Rachel Maddow's Omission: Don't Ask, Don't Tell, Don't Explain Obama's Thinking

Earlier this week, Alcee Hastings (D-Fla.) introduced -- and then withdrew -- an amendment that would have prevented the military from using money to carry out Don't Ask, Don't Tell, the policy that forces military gays and lesbians to stay in the closet.

Please understand that this wasn't an amendment to repeal Don't Ask (another member is carrying that bill). Rather, Hastings was attempting to attach something to the soon-to-be-passed Defense Appropriations Act. This was always a non-starter, and he bloody well knew it, yet didn't care.

Hastings blamed his decision to withdraw on pressure from colleagues and the White House. On Wednesday night, he appeared on MSNBC to talk about this with Rachel Maddow. Her tease to the segment made clear that White House involvement would be a key part of their chat.

Indeed it was, and Maddow began with a recent clip of President Obama: "My administration is already working with the Pentagon and members of the House and the Senate on how we'll go about ending this policy, which will require an act of Congress." She then looked into the camera: "Why would the White House be putting the kibosh" on this? Fair question.

Unfortunately, it proved to be a hollow one because she never pursued it. Both host and guest bemoaned Team Obama's decision to intervene. As for the reasoning, however, Maddow didn't exactly ask Hastings, and he didn't exactly tell. Allow me.

Neither of them confronted the painfully obvious: We're in the final week of July, with major health care overhaul coming to a precarious head in various committees (or hadn't you noticed?), and a month-long recess just days away. In other words, this is a foolish time to toss Don't Ask into the mix.

Just when the president and congressional Dems have the Blue Dogs quieting down, Hastings would have them howling again.

His goal has merit, so that's not the issue.

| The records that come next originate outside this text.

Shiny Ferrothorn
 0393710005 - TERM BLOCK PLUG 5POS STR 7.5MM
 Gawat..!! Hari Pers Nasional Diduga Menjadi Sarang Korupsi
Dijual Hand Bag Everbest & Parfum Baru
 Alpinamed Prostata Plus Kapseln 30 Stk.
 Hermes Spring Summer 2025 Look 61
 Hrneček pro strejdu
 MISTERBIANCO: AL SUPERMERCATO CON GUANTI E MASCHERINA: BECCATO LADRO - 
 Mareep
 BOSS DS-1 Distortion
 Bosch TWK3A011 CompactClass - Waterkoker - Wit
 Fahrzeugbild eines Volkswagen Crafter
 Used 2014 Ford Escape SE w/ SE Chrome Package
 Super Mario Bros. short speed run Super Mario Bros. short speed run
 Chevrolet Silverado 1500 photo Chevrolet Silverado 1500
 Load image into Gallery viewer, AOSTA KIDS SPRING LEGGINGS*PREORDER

Don't Ask was always a lousy policy. A huge majority of Americans, 70 percent, want it ended, and it will be. After all, the president himself is on board, even though he hasn't gotten around to it in his first six months. Something about repairing two failed wars, saving the U.S. economy and securing health care reform seems to have demanded his attention.

The point is that when you're already up to your ass in alligators (which Obama was on Day One), it hurts to add more until the current ones get caged. As a Floridian whose district includes Lake Okeechobee, Hastings should at least know that much!

Recently, he sent a June letter to the president about Don't Ask, and apparently didn't receive the cherished coddling from either end of Pennsylvania Avenue. His bruised ego then responded, against all wisdom to the contrary, with the late July, dead-on-arrival amendment to the defense bill.

Hastings can do whatever he wants. Still, he's not being a team player when his party needs unanimity and focus to pass historic health care legislation, the centerpiece of the president's first year in office. That's why the White House deemed this an unwise moment to open contentious debate over Don't Ask.

Maddow's coverage gave us no analysis on any of this. MSNBC: "The Place For Politics." Or not.